Nota Bene: Merger structures are beyond the scope of this site. However, non-assignment clauses should not be confused with change-of-control provisions that require the consent of the other party in connection with a material change in the control, structure, and/or ownership of that party (see the section entitled “Change of Control”). For example, when a change of control is accomplished via a “reverse triangular merger” structure, whereby the target company retains its assets as well as it contractual rights and obligations, contracts of the target that contain non-assignment clauses do not need the non-changing party’s consent to be transferred because the target company is the nominal survivor in the merger and retains its assets and contractual rights and obligations post merger, and therefore no assignment is required or made.

Assignment of Accounts Receivables

In the following exemplars, a party possesses the right to assign any benefit arising from a contract, namely the right to receive payment, to any third party upon notice to the non-assigning party (with and without the non-assigning party’s consent):

Exemplar C8-11

Both Parties may assign their respective right to receive money due hereunder, but any assignment of money will be void if (i) the assignor fails to give the non-assigning Party at least thirty (30) days prior written notice, or (ii) the assignment purports to impose upon the non-assigning Party additional costs or obligations in addition to the payment of such money, or (iii) the assignment purports to preclude Contractor from dealing solely and directly with Supplier in all matters pertaining to this Agreement.

Exemplar C8-12

Notwithstanding anything to the contrary in this Agreement the Supplier shall without limitation be permitted to assign or otherwise transfer any of its accounts receivable resulting from the sale of Products and Services to Customer pursuant to this Agreement.

Exemplar C8-13

Vendor may not assign or transfer any of its rights (except rights to payments) or obligations under this Agreement or any SOW without the prior written consent of Customer.
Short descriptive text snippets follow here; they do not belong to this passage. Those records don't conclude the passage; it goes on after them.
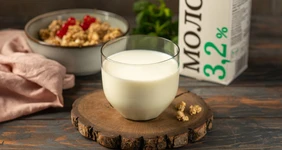 Молоко: все за и против, сколько пить, кому и чем полезно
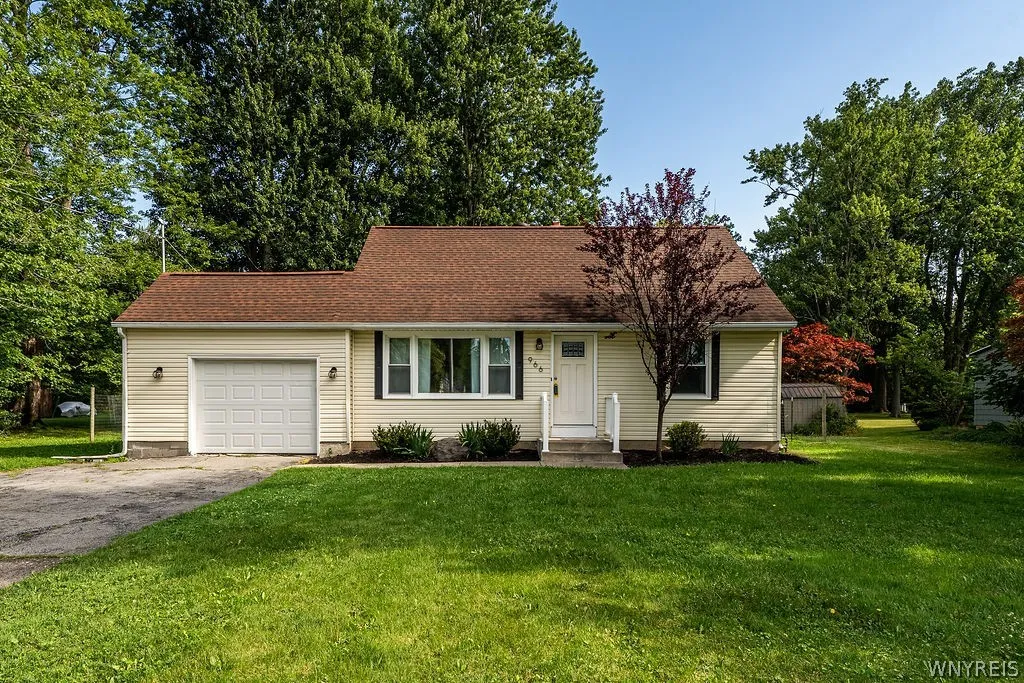 966 Dodge Road, Amherst, New York 14068, Amherst, New York 14068, 3 Bedrooms Bedrooms, 8 Rooms Rooms,1 BathroomBathrooms,Residential,For Sale,966 Dodge Road, Amherst, New York 14068,0,B1697646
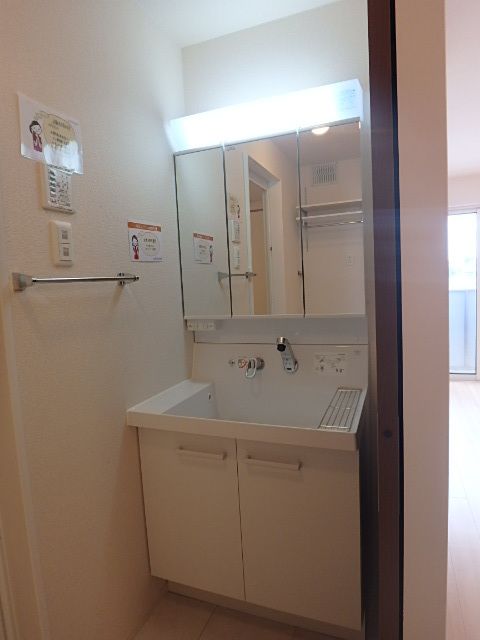 ��ʌ��������܎s������ۃ��蒬�̃A�p�[�g�̐��ʏ�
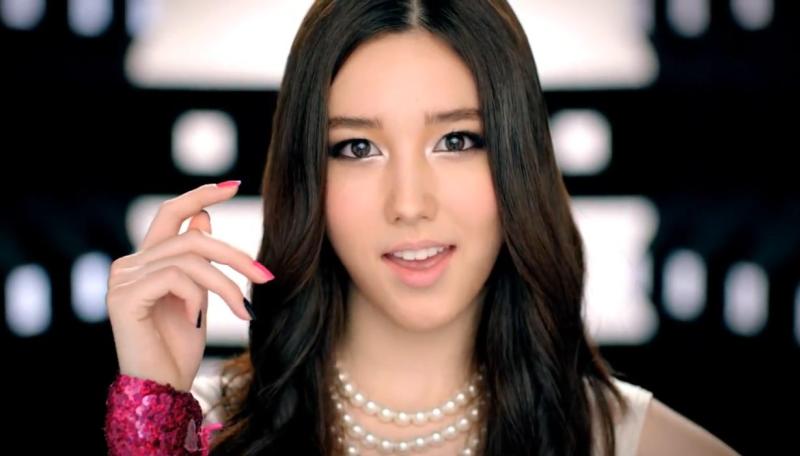 “Công chúa lai” đầu tiên của showbiz: Bị cấm hoạt động suốt 4 năm, nay làm ca sĩ mạng với 228 người hâm mộ - Ảnh 3.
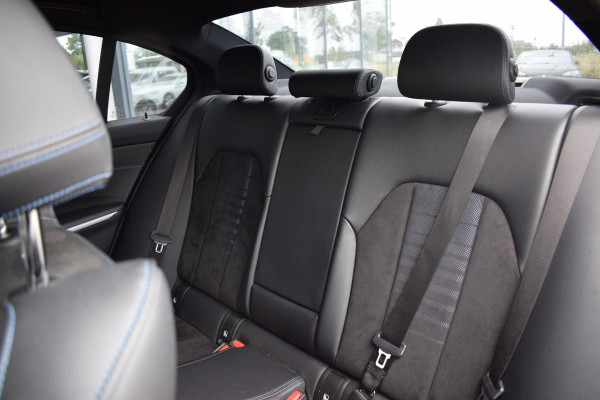 BMW 3-serie 330i High Executive | M-Sport | Leer/ Alcantara | Stoelverwarming
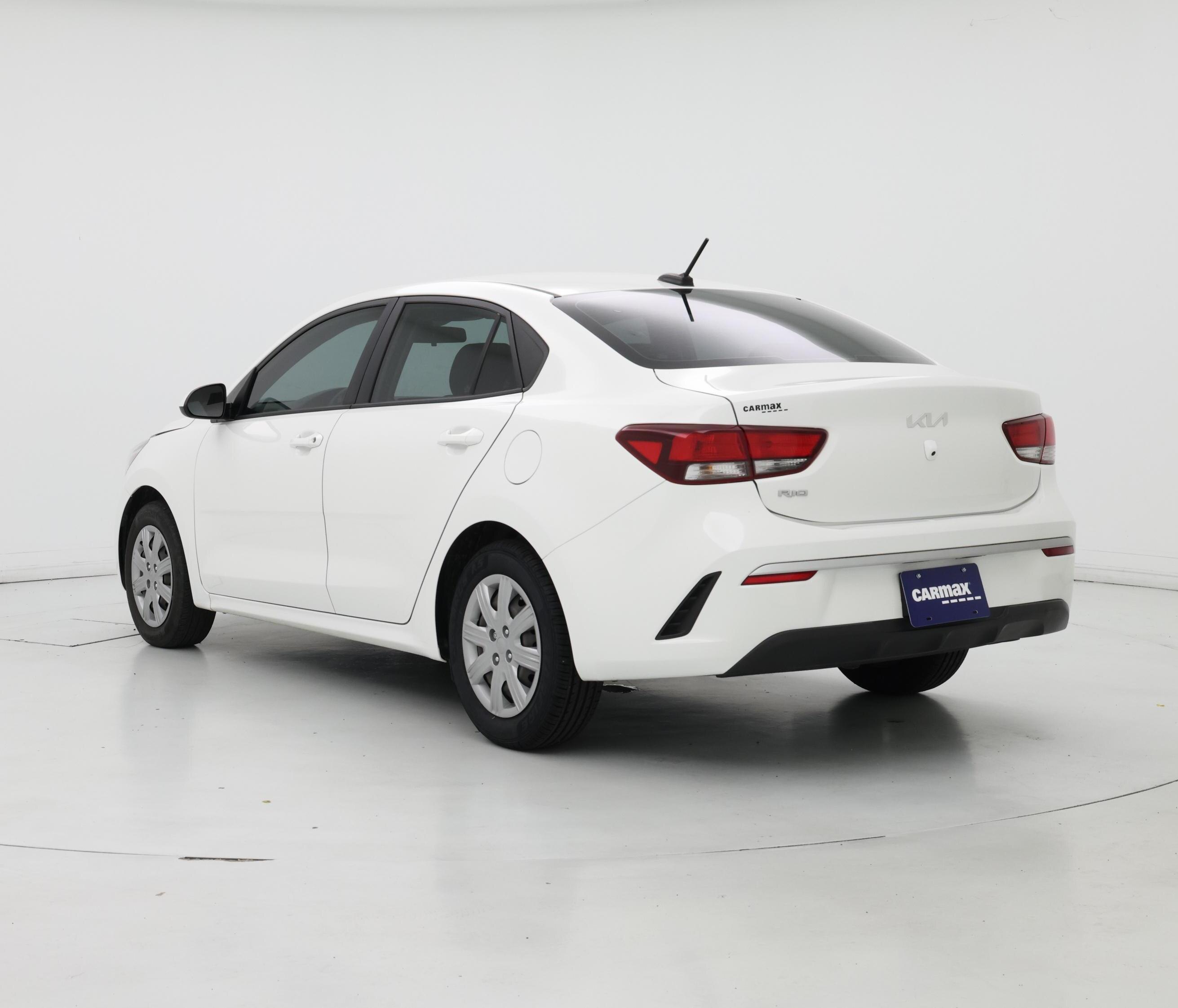 Thumbnail: 2022 Kia Rio - 2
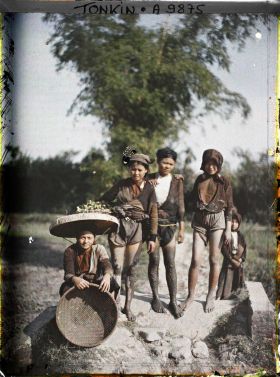 Image représentant Des jeunes filles revenant de la cueillette du liseron d'eau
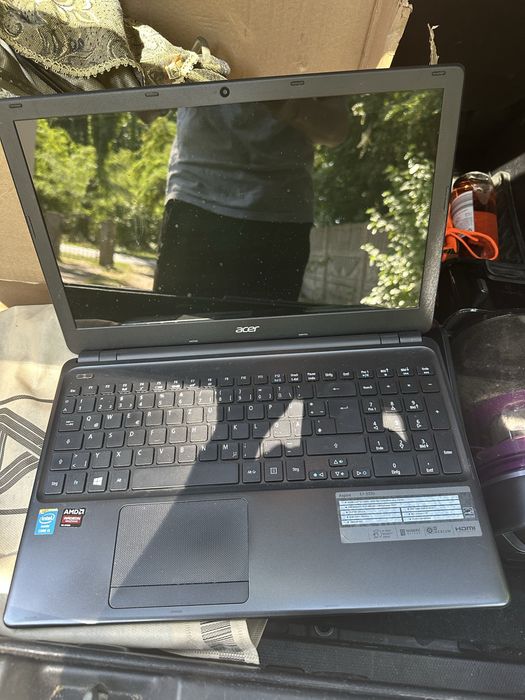 Laptopy Acer Lenovo Fuitsu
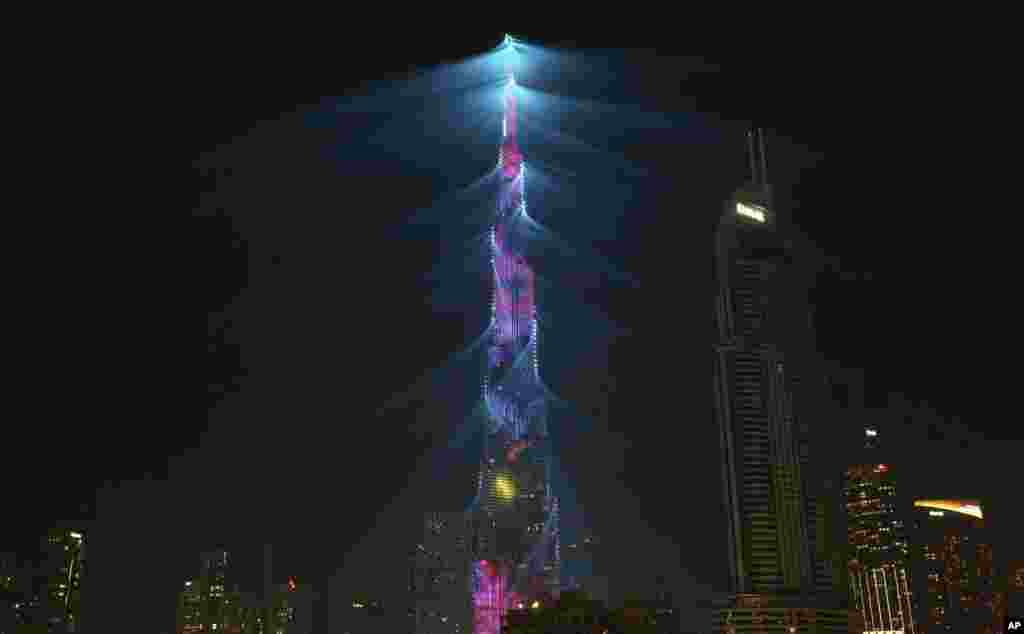 ពន្លឺភ្លើង LED បង្ហាញរូបរាង​អគារ​ Burj Khalifa ដែល​ជា​អគារ​ខ្ពស់​បំផុត​ក្នុង​ពិភពលោក​ដើម្បី​​ប្រារព្ធ​ពិធី​អបអរ​បុណ្យ​ចូល​ឆ្នាំ​សាកល​នៅ​ទីក្រុង​ Dubai&nbsp; អេមីរ៉ាតអារ៉ាប់រួមកាលពី​ថ្ងៃទី​១​ មករា ២០១៨។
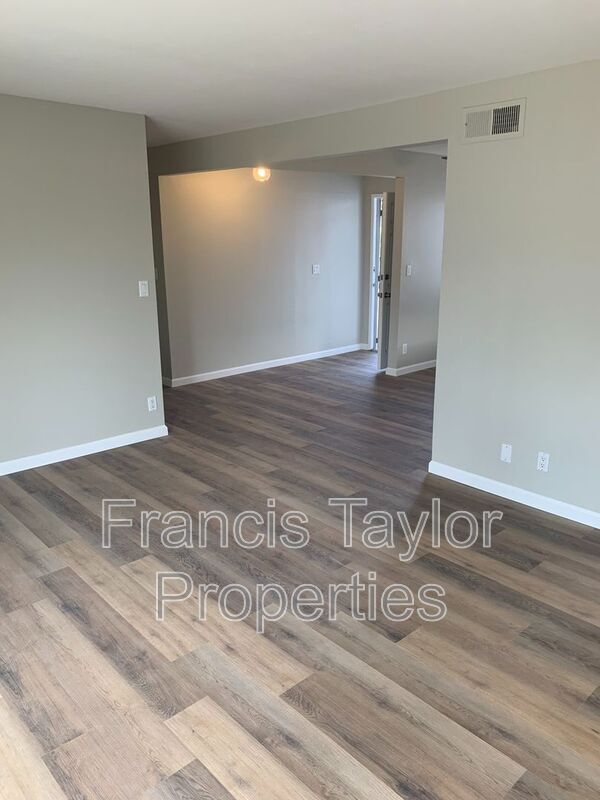 Photo - 909 Daisy St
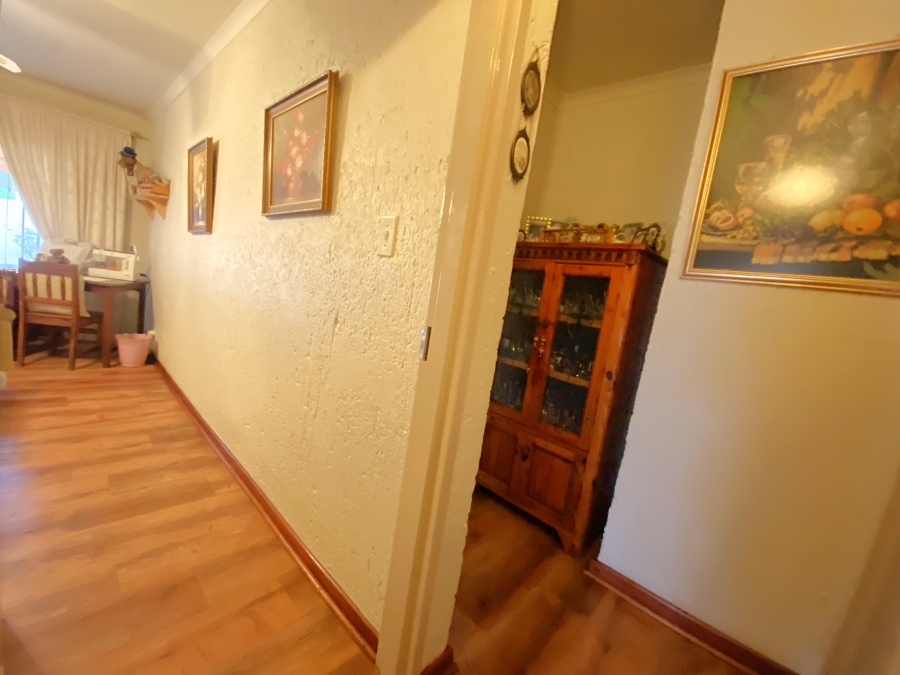 2 Bedroom Property for Sale in Noordheuwel Gauteng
Customer may assign this Agreement or any SOW to any Customer Affiliate without any prior notice to or consent of Vendor.

Exemplar C8-14

CUSTOMER shall consider void any assignment to which it has not consented, except where SUPPLIER assigns its rights to receive monies pursuant to this Agreement. In such case, SUPPLIER only needs to notify CUSTOMER in writing. However, SUPPLIER cannot assign monies due if SUPPLIER tries to transfer to the assignee any of SUPPLIER’s other rights or obligations hereunder.

Exemplar C8-15

Seller may not, without Buyer’s prior written consent (on the face of an Order or in a signed writing by an authorized representative of Buyer), (i) assign or delegate (including without limitation by subcontract) its obligations under the Order, or (ii) enter or offer to enter into a transaction that includes a sale of a substantial portion of its assets used for the production of the Supplies for Buyer or a merger, sale or exchange of stock or other equity interests that would result in a change of control of Seller. In the event of any approved assignment (including without limitation subcontract), sale or delegation authorized by Buyer, Seller retains all responsibility for Supplies, including all related warranties and claims, unless otherwise expressly agreed in writing by Buyer. Notwithstanding the foregoing, with Buyer’s prior written consent, Seller may make an assignment of receivables due or to become due to a single financial institution; provided, however, that any such assignment shall be subject to set-off or other proper method of enforcing any claims that Buyer may have under the Order.

Exemplar C8-16

The written consent of the opposing party to the contract is also to be obtained for the pledging of receivables from the contractual relationship.

Exemplar C8-17

If Vendor assigns payments to an assignee/factor, Vendor understands and agrees that Vendor and the assignee/factor will be required to sign Dealer’s standard terms and conditions agreement to assure Dealer that the assignee/factor understands the rights and obligations being assigned, including the right of Dealer to make offsets.